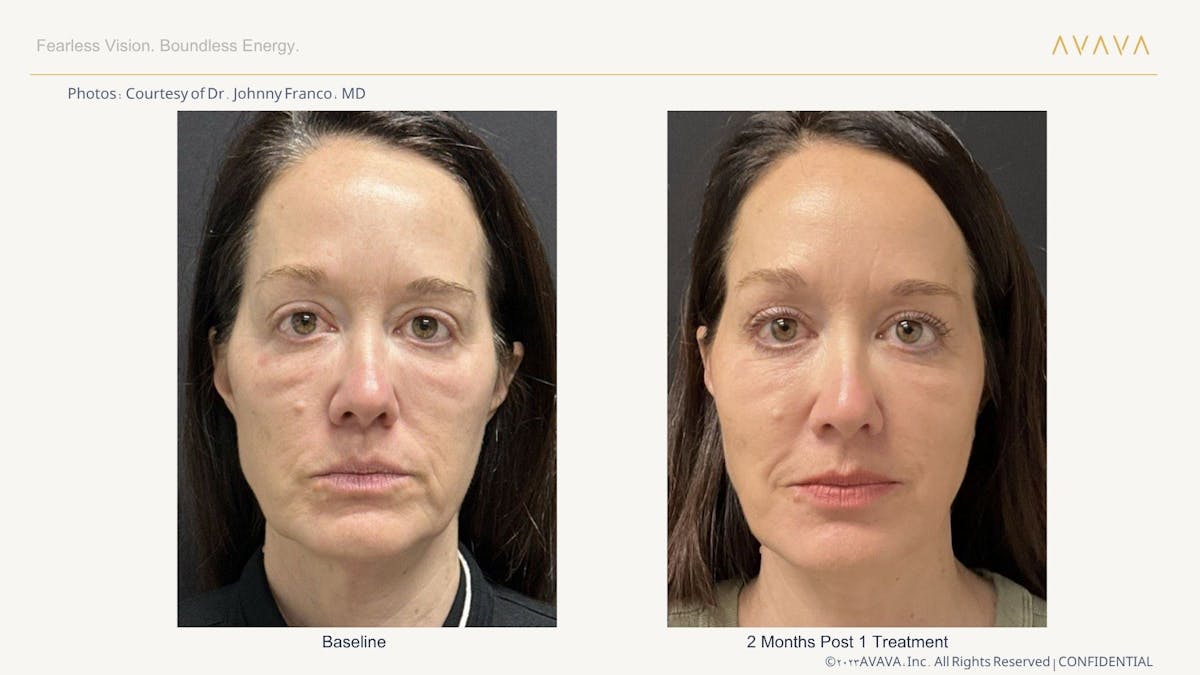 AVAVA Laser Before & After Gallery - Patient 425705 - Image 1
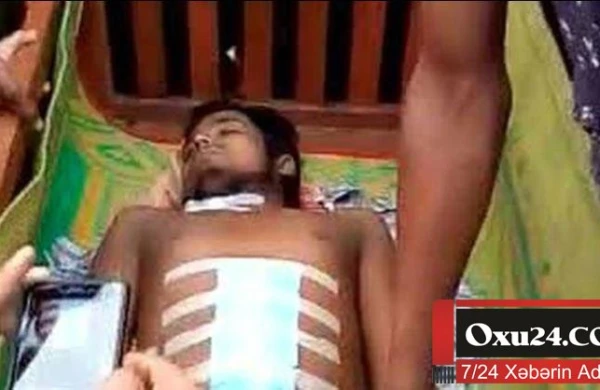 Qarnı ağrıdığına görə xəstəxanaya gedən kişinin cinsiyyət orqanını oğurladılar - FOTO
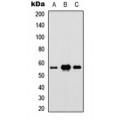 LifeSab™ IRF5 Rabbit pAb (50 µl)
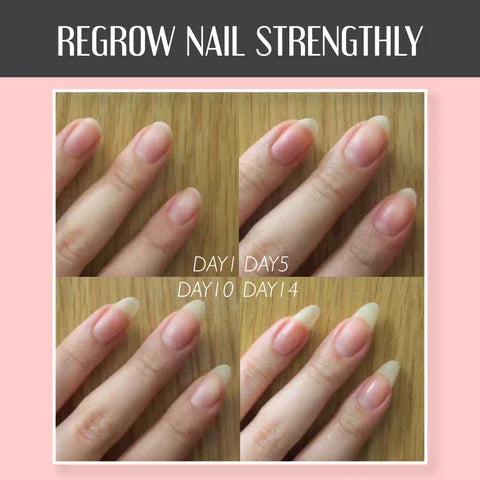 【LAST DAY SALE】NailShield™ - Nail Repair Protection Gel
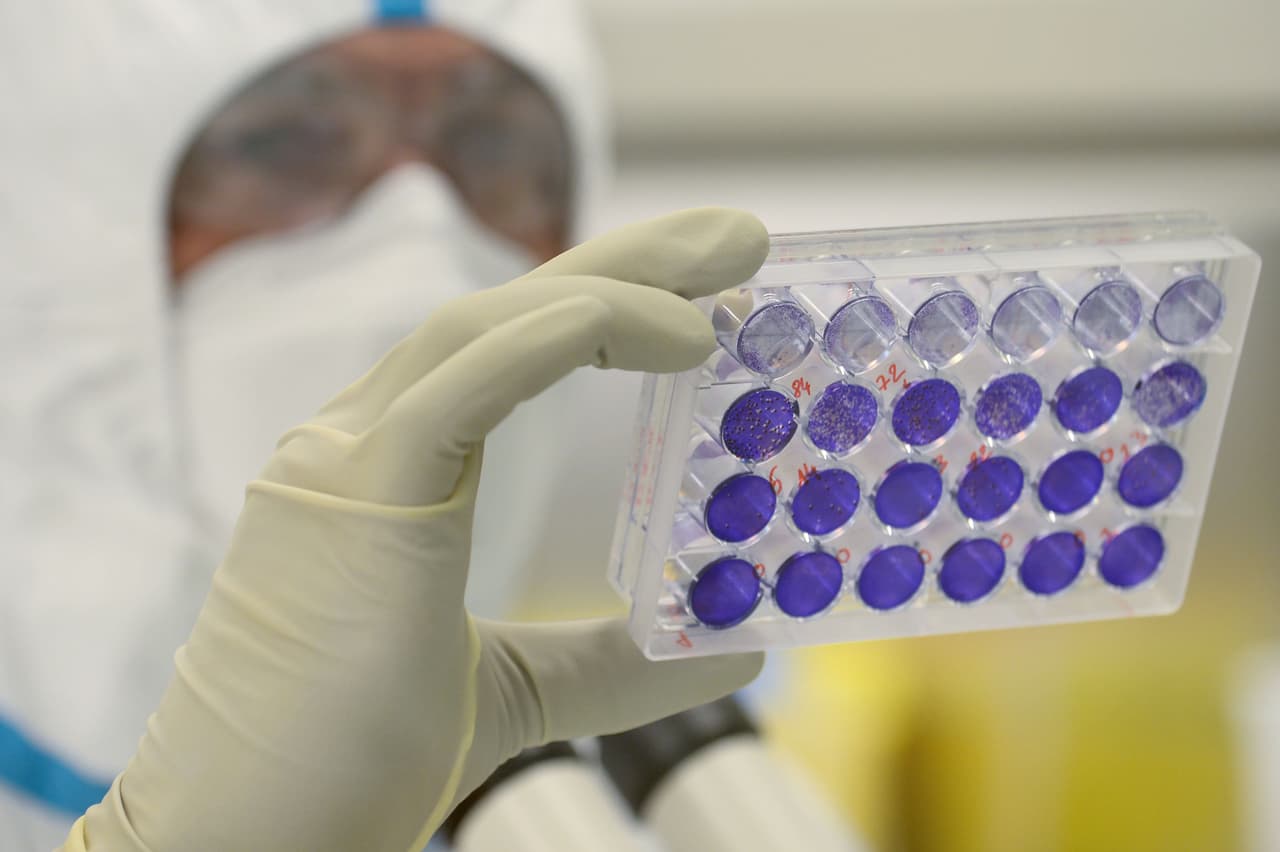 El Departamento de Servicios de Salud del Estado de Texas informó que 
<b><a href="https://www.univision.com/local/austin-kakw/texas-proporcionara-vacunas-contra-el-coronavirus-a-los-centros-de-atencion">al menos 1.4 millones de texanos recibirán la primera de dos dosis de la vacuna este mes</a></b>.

> **WHAT YOU NEED TO DO**: Set the pictures aside and reproduce exactly the lines above, from the line holding "LifeSab™ IRF5 Rabbit pAb (50 µl)" through the line holding "El Departamento de", both included, with nothing else.

> **ANSWER TO THIS PROBLEM**:
 LifeSab™ IRF5 Rabbit pAb (50 µl)
 【LAST DAY SALE】NailShield™ - Nail Repair Protection Gel
 El Departamento de Servicios de Salud del Estado de Texas informó que 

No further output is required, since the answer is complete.